Entonces se percató de que estaba sentada encima de una leve depresión en el suelo, que coincidía a la perfección con la silueta de su cuerpo dormido. Por algún motivo desconocido, la cubierta se había hundido varios milímetros, como si la sustancia negra que revestía el cuerpo de Kira fuera de naturaleza corrosiva. La imagen la confundía y asqueaba a partes iguales. Por si fuera poco, al parecer aquel ser también la había convertido en un objeto tóxico. ¿Sería dañina para los humanos? Si el…
La celda se escoró violentamente; Kira salió volando y se estampó contra la pared contraria, levantando una nube de aquel polvo. El impacto la dejó sin respiración. La camilla de exploración se estrelló cerca de ella, desperdigando piezas y herramientas.
Una maniobra orbital de emergencia. ¿Por qué? La propulsión aumentaba… aumentaba… Kira calculaba una aceleración de 2 g. Aumentó a 3 g, y luego a 4 g. Notó que la piel de las mejillas se le tensaba y le presionaba los pómulos. Se sentía aplastada por un manto de plomo.
Una extraña vibración atravesó la pared, como si alguien acabara de tañer un gigantesco tambor, y la propulsión se desvaneció.
Kira cayó a gatas, jadeando.
No muy lejos de allí, algo chocó contra el casco de la nave, y Kira oyó una serie de chasquidos y repiqueteos que casi parecían… ¿disparos?

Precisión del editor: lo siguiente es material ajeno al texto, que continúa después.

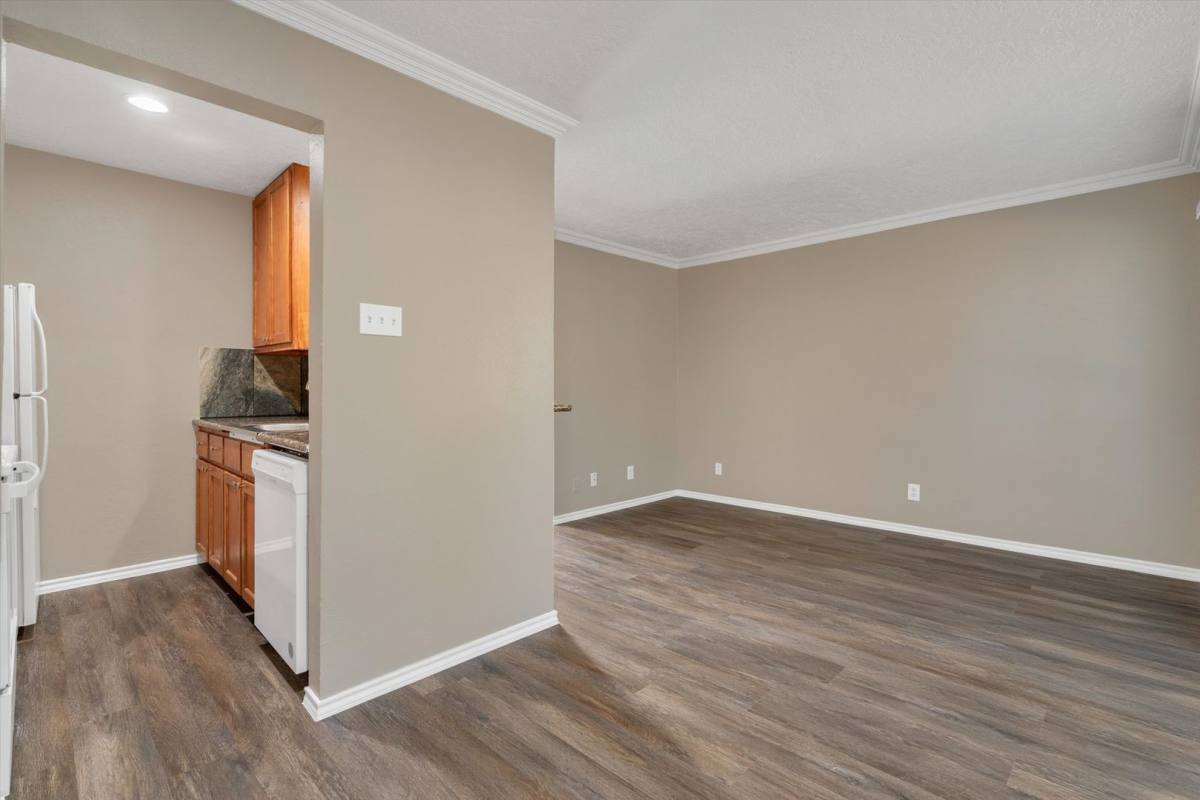 Apartment for rent at 5727 Richmond Ave, Dallas, TX 75206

Y entonces la sintió: una poderosa llamada que tiraba de ella hacia algún lugar fuera de la nave, que la arrastraba como si Kira tuviera un cable saliéndole del pecho.
Al principio sintió incredulidad. Hacía mucho que no se producía la llamada, que no la convocaban para desempeñar su deber sagrado. Después llegó el júbilo por aquel regreso tan demorado. Ahora, por fin, el patrón podría completarse, igual que antaño.
Una disyunción. Estaba en una carne familiar, sobre un precipicio ya desaparecido, en el mismo momento en que había sentido por primera vez aquella pulsión que podía resistirse, pero nunca ignorarse. Se dio la vuelta para seguirla, y entre los colores degradados del cielo distinguió una estrella rojiza que parpadeaba y titilaba, y supo que se trataba de la fuente de la señal.
Y obedeció, porque era lo correcto. Porque su misión era servir, y eso era justo lo que iba a hacer.
Kira volvió en sí, jadeando. Y entonces lo supo. No se enfrentaban a una infestación. Se enfrentaban a una invasión.
Los dueños del traje habían venido a por ella.